The 58-year-old said it is time to get “dark money” out of politics, strengthen voting rights, combat climate change, and to enact universal background checks for all gun purchases. She called for universal health care, “comprehensive immigration reform” and closing tax loopholes that benefit the rich.
Ms. Klobuchar took jabs at President Trump, saying members of the military and diplomats “deserve better than a foreign policy by tweet” and saying it is time to “stop the fear-mongering and the stop the hate.”
Mr. Trump promptly threw a verbal snowball right back at her, chuckling via Twitter on Sunday afternoon about how Ms. Klobuchar was “talking proudly of fighting global warming while standing in a virtual blizzard of snow, ice and freezing temperatures. Bad timing. By the end of her speech she looked like a Snowman(woman)!”
Ms. Warren also took aim at Mr. Trump on Saturday, saying he is “a product of a rigged system that props up the rich and powerful and kicks dirt on everyone else.”
The 69-year-old said it “won’t be enough just to undo the terrible acts of this administration.”
“We can’t afford to tinker around the edges with a tax credit here, a regulation there. Our fight is for big structural change.”
Ms. Warren and Ms. Klobuchar join fellow female Sens. Kamala D. Harris of California and Kirsten Gillibrand of New York in a field of contenders that is expected to continue to grow.
Political observers say both women face individual challenges.

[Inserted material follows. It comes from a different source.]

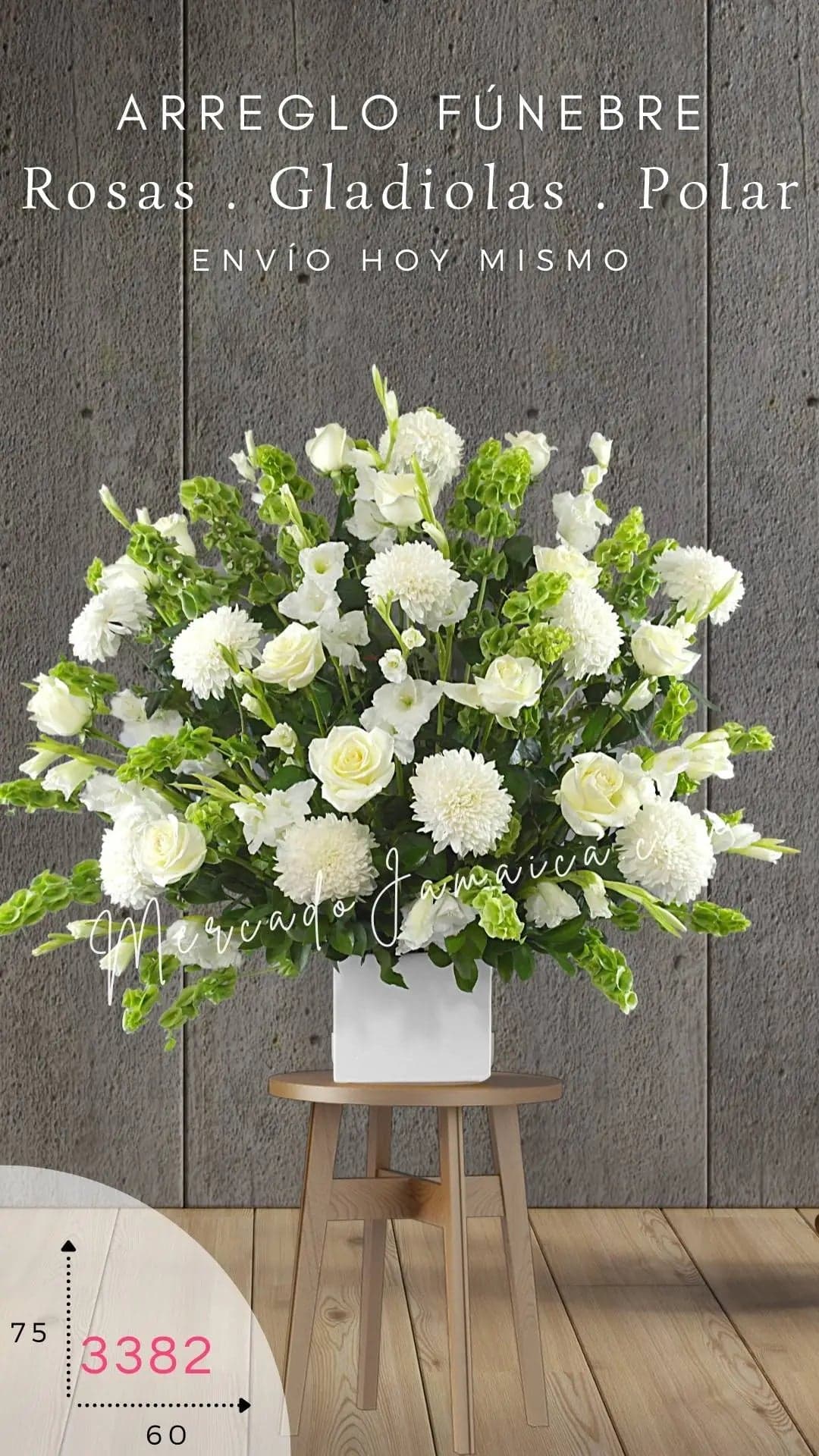 Arreglo Fúnebre 24 Rosas Blancas y Gladiolas CDMX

Ms. Klobuchar has been dogged by reports about how she has mistreated her staff and by doubts over whether a centrist can resonate in a primary election dominated by liberal activists.

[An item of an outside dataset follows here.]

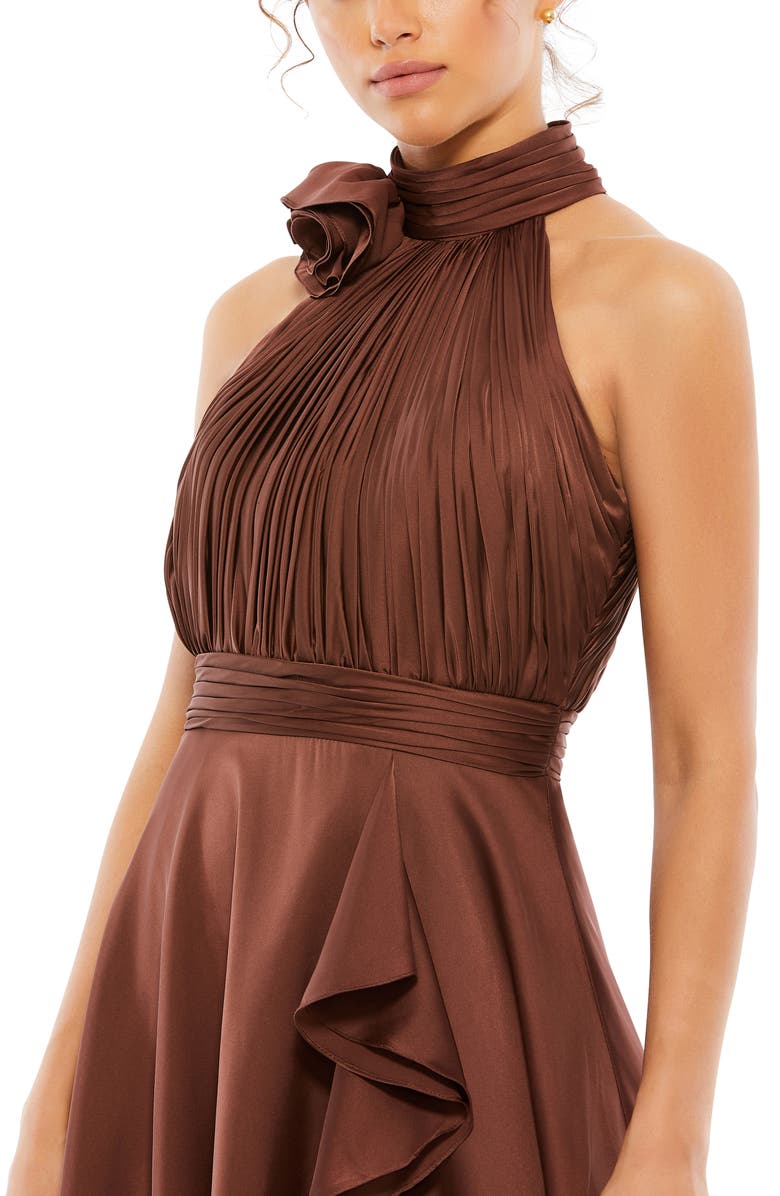 Mac Duggal Pleated Bodice High-Low Satin Cocktail Dress, Alternate, color,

Ms. Warren, meanwhile, has struggled to put her past claims of American Indian ancestry behind her thanks in part to a report in The Washington Post last week that unearthed a Texas bar application in which she identified herself in writing as “American Indian.”
The Republican National Committee welcomed both candidates into the race by pointing out their flaws.

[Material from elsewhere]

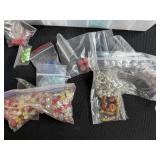 Large Collection of Assorted Craft Beads and Glass Tiles in Organizer Bins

“It’s tough to find any base of support for Amy Klobuchar’s candidacy,” said RNC spokesman Michael Ahrens. “She has virtually no grass-roots backing and even her own staff is complaining that she’s ’intolerably cruel.’”
Mr. Ahrens said Ms. Warren’s “disastrous handling of her false minority claims and her refusal to apologize until now has everyone, including her own supporters, cringing at her campaign.”
A Monmouth University poll released showed Ms. Warren ranked third in the 2020 Democratic race behind a couple of perspective candidates — former Vice President Joseph R. Biden and Sen. Bernard Sanders of Vermont.
Ms. Klobuchar was running toward the back of the pack, with almost 40 percent of respondents saying they have never heard of her.